Topical Application of Cocktail dsRNA Induces Plant Resistance Against Bean Common Mosaic Virus (BCMV).

Abstract

Bean common mosaic virus (BCMV) is a severe plant pathogen of common bean (Phaseolus vulgaris L.), that causes huge yield losses across the globe. The virus has a wide host range and varied modes of transmission, due to which its management is challenging. Pathogen-derived resistance, which entails inserting virus-derived gene sequences into transgenic plants, is extremely effective in overcoming plant viruses. However, owing to ethical and biosecurity concerns, transgenic crops have not been widely accepted. Exogenous application of double-stranded RNA (dsRNA) is a new and intriguing method for inducing resistance against plant viruses. In this study, the efficacy of exogenous application of dsRNAs synthesized from BCMV helper component proteinase (HC-Pro) and coat protein (CP) genes were assessed in three plants: tobacco (Nicotiana tabacum), common bean (Phaseolus vulgaris L.), and cowpea (Vigna unguiculata), and both dsRNAs elicited a resistance response. dsRNA targeting the HC-Pro gene of BCMV was found more effective in inducing RNAi-based resistance than dsRNA targeting the CP gene of BCMV with a more pronounced effect in cowpea than tobacco and common bean.
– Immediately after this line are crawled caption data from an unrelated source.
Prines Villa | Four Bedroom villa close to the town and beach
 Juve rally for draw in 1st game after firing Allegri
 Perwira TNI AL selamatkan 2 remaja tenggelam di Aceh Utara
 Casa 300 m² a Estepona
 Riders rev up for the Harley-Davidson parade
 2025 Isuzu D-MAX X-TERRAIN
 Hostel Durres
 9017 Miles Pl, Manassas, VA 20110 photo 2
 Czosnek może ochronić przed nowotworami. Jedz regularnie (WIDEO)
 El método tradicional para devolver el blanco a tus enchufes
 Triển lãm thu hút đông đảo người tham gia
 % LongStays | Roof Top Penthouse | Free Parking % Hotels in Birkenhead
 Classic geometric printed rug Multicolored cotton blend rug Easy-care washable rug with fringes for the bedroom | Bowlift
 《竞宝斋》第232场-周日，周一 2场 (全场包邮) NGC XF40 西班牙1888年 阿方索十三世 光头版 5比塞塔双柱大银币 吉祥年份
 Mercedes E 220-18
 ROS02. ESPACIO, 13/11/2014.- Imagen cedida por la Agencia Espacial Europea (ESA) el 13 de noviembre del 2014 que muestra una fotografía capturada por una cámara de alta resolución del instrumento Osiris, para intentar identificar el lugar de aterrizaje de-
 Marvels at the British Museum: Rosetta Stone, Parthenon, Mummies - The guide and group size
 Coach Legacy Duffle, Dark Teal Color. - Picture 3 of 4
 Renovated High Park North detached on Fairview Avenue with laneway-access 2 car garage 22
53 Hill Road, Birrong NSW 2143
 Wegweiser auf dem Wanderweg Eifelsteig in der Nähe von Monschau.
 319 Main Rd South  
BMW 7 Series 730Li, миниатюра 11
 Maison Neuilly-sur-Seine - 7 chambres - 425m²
We showed the stability and transport of both dsHC-Pro and dsCP in inoculated to non-inoculated young leaves. We also showed the ability of mesoporous silica nanoparticles (MSP) conjugated with dsHC-Pro to provide prolonged stability and broader resistance against BCMV in common bean, extending protection from 12 dpi up to 20 dpi, compared to naked dsHC-Pro. Our results suggest that dsRNA produced from HC-Pro and CP genes of BCMV can induce RNAi-based resistance against BCMV infection.